Cauchy#

class cuqi.distribution.Cauchy(location=None, scale=None, is_symmetric=True, **kwargs)#

Multivariate Cauchy distribution of independent random variables.

Each is distributed according to the PDF function

\[\frac{1}{\pi\gamma(1+\frac{(x-\mu)^2}{\gamma^2})}\]

where \(\mu\) is the location parameter and \(\gamma\) is the scale parameter.

Parameters:

  • location (float or array_like) – Location parameter

  • scale (float or array_like) – Scale parameter

Example

# % Generate a Cauchy distribution
import cuqi
location = 0
scale  = 1
x = cuqi.distribution.Cauchy(location, scale)
x.logpdf(0) # -1.1447298858494002

# % Generate a multivariate Cauchy distribution
import cuqi
location = [0, 1]
scale  = [1, 3]
x = cuqi.distribution.Cauchy(location, scale)
x.logpdf([0, 0]) # -3.4934325760247367
__init__(location=None, scale=None, is_symmetric=True, **kwargs)#

Initialize the core properties of the distribution.

Parameters:

  • name (str, default None) – Name of distribution.

  • geometry (Geometry, default _DefaultGeometry (or None)) – Geometry of distribution.

  • is_symmetric (bool, default None) – Indicator if distribution is symmetric.

Methods

__init__([location, scale, is_symmetric])

Initialize the core properties of the distribution.

cdf(x)

disable_FD()

Disable finite difference approximation for logd gradient.

enable_FD([epsilon])

Enable finite difference approximation for logd gradient.
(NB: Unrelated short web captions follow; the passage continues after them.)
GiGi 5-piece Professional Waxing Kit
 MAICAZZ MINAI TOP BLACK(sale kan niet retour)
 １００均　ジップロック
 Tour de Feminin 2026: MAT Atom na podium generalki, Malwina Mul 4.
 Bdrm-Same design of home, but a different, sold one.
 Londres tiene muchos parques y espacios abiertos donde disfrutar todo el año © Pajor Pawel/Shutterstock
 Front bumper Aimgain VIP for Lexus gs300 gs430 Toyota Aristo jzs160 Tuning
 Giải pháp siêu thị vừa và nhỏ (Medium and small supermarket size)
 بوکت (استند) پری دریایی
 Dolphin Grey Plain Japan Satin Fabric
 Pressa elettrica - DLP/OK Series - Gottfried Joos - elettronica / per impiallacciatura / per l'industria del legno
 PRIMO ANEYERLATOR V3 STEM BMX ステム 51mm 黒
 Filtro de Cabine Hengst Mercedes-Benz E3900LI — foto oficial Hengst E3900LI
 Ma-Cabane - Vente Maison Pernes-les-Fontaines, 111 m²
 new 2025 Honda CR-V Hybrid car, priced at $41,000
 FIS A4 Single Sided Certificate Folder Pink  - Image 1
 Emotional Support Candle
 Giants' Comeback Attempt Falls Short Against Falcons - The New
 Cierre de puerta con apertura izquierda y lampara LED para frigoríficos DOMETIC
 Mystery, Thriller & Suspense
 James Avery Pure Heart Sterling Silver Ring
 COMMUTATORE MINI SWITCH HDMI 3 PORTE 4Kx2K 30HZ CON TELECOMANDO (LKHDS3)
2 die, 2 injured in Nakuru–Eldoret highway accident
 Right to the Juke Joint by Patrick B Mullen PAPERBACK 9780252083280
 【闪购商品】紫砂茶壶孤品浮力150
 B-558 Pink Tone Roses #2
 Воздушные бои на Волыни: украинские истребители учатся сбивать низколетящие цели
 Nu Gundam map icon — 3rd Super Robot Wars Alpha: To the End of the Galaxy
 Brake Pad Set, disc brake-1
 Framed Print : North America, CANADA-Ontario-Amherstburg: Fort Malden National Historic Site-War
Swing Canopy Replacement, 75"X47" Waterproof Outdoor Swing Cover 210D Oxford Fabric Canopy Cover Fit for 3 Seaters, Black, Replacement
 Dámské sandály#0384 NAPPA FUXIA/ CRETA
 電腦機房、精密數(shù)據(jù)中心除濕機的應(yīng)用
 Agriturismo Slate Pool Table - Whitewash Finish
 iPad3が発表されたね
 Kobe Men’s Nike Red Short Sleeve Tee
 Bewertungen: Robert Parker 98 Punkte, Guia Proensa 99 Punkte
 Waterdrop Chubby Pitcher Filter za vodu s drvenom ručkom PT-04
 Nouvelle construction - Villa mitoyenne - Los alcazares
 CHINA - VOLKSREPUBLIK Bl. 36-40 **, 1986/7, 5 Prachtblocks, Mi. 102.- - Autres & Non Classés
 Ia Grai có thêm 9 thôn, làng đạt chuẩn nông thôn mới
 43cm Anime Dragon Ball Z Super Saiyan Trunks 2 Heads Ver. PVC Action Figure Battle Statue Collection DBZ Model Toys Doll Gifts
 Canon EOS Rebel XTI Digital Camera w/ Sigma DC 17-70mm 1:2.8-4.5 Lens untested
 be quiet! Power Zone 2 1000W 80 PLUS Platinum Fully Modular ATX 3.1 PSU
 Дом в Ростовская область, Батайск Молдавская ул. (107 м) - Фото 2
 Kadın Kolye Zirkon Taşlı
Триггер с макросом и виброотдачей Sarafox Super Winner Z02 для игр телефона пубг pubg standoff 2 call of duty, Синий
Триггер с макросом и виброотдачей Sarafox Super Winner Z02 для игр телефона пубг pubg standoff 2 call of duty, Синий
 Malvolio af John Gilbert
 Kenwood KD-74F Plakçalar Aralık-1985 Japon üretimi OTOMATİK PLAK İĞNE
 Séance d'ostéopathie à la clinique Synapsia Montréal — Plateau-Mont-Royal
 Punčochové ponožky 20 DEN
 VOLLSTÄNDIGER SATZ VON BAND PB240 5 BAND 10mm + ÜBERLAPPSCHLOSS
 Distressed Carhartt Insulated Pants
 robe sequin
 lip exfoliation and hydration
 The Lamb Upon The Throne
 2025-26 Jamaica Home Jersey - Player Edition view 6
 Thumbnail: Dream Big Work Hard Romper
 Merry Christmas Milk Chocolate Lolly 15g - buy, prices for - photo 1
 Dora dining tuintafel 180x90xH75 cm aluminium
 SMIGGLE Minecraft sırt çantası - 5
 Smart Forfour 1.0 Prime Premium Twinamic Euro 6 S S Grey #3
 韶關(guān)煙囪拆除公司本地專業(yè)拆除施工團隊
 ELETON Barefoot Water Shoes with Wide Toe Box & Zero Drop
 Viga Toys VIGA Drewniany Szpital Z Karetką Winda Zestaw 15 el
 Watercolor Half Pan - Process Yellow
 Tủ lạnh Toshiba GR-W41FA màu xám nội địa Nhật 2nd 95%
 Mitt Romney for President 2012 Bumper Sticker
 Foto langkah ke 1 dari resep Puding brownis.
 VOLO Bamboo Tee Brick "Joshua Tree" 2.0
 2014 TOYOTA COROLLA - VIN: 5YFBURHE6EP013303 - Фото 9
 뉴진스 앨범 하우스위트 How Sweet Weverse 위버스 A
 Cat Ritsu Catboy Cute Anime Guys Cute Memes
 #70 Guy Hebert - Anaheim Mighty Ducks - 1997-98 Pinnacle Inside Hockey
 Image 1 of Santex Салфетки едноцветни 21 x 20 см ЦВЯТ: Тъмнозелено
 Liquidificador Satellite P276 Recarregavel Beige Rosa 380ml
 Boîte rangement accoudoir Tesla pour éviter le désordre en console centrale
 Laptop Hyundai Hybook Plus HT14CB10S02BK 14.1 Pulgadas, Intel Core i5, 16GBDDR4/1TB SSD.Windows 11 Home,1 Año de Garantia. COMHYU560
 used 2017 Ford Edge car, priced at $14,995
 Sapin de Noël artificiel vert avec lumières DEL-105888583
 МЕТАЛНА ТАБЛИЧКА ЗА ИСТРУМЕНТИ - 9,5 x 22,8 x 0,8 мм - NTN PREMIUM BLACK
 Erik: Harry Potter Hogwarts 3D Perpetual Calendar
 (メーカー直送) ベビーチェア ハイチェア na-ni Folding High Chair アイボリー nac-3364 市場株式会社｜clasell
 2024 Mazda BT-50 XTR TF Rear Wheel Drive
get_conditioning_variables()

Return the conditioning variables of this distribution (if any).

get_mutable_variables()

Return any public variable that is mutable (attribute or property) except those in the ignore_vars list

get_parameter_names()

Returns the names of the parameters that the density can be evaluated at or conditioned on.

gradient(x)

Returns the gradient of the log density at x.

logd(*args, **kwargs)

Evaluate the un-normalized log density function of the distribution.

logpdf(x)

Evaluate the log probability density function of the distribution.

pdf(x)

Evaluate the log probability density function of the distribution.

sample([N])

Sample from the distribution.

to_likelihood(data)

Convert conditional distribution to a likelihood function given observed data

Attributes

FD_enabled

Returns True if finite difference approximation of the logd gradient is enabled.

FD_epsilon

Spacing for the finite difference approximation of the logd gradient.

dim

Return the dimension of the distribution based on the geometry.

geometry

Return the geometry of the distribution.

is_cond

Returns True if instance (self) is a conditional distribution.

location

Location parameter

name

Name of the random variable associated with the density.

scale

Scale parameter